Koloriang, the picturesque town nestled in the Kurung Kumey district of Arunachal Pradesh and bordering Tibet, has recently garnered attention as citizens advocate for its recognition as the wettest place on earth. Locals assert that Koloriang surpasses the renowned rainfall records of Mawsynram and Cherrapunjee in Meghalaya, urging the Indian Meteorological Department (IMD) to install rain gauges to accurately measure the downpour.
With a rich history of heavy rainfall, except during the months of October to December, Koloriang's residents contend that their town experiences an exceptional deluge throughout the year. The older generation, who have witnessed these meteorological patterns for decades, firmly believe that Koloriang receives the highest amount of rainfall when compared to other regions. They assert that if the IMD consistently records and verifies these figures, Koloriang could rightfully claim the title of the wettest place on earth.
Situated at an altitude of 1000 meters above sea level, Koloriang is enveloped by towering mountains and surrounded by administrative circles such as Sarli, Damin, and Parsiparlo. Located approximately 255 km from the state capital, Itanagar, the town's natural beauty attracts visitors interested in nature walks and trekking amid its breathtaking landscapes. Notably, Lurugh Pass near Sarli, just 40 km from Koloriang, is gaining popularity as a major tourist destination due to its heavy snowfall.
According to Nangram Gungtam, a resident of Koloriang, the town experiences limited sunlight for only three months of the year, with heavy rainfall dominating the rest. He invites rain enthusiasts to visit Koloriang, assuring them that they will encounter downpours amid the stunning mountain ranges.

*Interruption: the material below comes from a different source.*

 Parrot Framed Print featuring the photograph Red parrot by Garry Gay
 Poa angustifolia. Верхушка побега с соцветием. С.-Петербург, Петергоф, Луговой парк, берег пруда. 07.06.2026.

However, this abundant precipitation poses challenges for development projects, such as the construction of infrastructure and houses, as the working season is confined to just three months. The summer season in Koloriang witnesses daily rainfall, a fact that can be verified through ground surveys and public opinion.
Chello Yefa, a vendor at Koloriang market, affirms the town's frequent and heavy rainfall. She highlights the consequences of these downpours, including landslides that disrupt road connectivity and lead to shortages of essential commodities. Farmers in the region face difficulties due to continuous incessant rains, which damage their crops.
Nangram Mege, speaking exclusively to India Today, urges Union Earth Science Minister Khiren Rijiju, who also serves as the local Member of Parliament, to declare Koloriang as the town receiving the heaviest rainfall throughout the year. Mege explains that while there is minimal rainfall in the early morning, once the sun crosses midday, heavy and regular downpours ensue, except during the winter months. He emphasizes the impact on the local tribal community, hindering farming activities and causing landslides and soil erosion. These factors prompt many citizens to migrate to the state capital and other towns in search of livelihood opportunities.
Mege appeals to Minister Rijiju to direct the IMD to conduct a comprehensive survey and record the rainfall Koloriang receives, firmly believing that the town has the potential to replace Cherrapunjee as the wettest place on earth. This distinction could attract tourists and rain enthusiasts, bolstering the tourism industry in the remote Kurung Kumey district, which shares a border with China.